Yozlaşmış bir toplum yapısında, “iş adamı” olmak herkesin hayal ettiği ve imrendiği bir meslektir. Ama ne var ki, bu iş adamları asla mutlu değildir. Çünkü işleri ve iş ilişkileri bütün dünyalarını kuşatmış ne kendilerine ne ailelerine ve ne de yakın çevrelerine vakit ayıramaz duruma gelmişlerdir. Bütün dostlukları çıkar beklentisine göredir. Para hırsı vicdanlarını karartmış ve maneviyatlarını köreltmiştir. Genellikle sıkıntılı ve stresli kimselerdir. Bunlar zenginliğin verdiği bir gururla, kendilerini çok beğenen ve her işlerini para ile halledeceklerini düşünen kimselerdir. Her kademede ve herkesi satın alabilecekleri görüşündedirler.
Bu tiplerin hileli ve kalitesiz mal üretip, sağlam ve kaliteli etiket takmaları ve pahalıya satmaları, devletten vergi kaçırmaları, işçi ve memurları düşük ücretle çalıştırmaları, maliye müfettişlerine ve siyasilere rüşvet dağıtmaları, mafya ile iş birliği yaparak, büyük ihaleler kapatmaları; “meslek sırları ve iş adamlığı kurallarıdır.”

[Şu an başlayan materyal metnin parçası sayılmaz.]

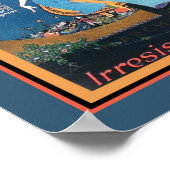 1920年のアールデコヴィヴォドウマヴィスアド ポスター (角)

Üstelik bütün bu haksızlıklar, halk kademesinde bile normal karşılanmaktadır. Cahiliye toplumunda sıradan vatandaş birkaç milyon çalsa, bu “hırsızlık” ama kodamanlar trilyonları vursa bu “gözü açıklık” sayılır. Aşağı sınıf zina etse bu “fahişelik”, yukarı sınıf aynı işi yapsa bu“flört” olarak adlandırılır.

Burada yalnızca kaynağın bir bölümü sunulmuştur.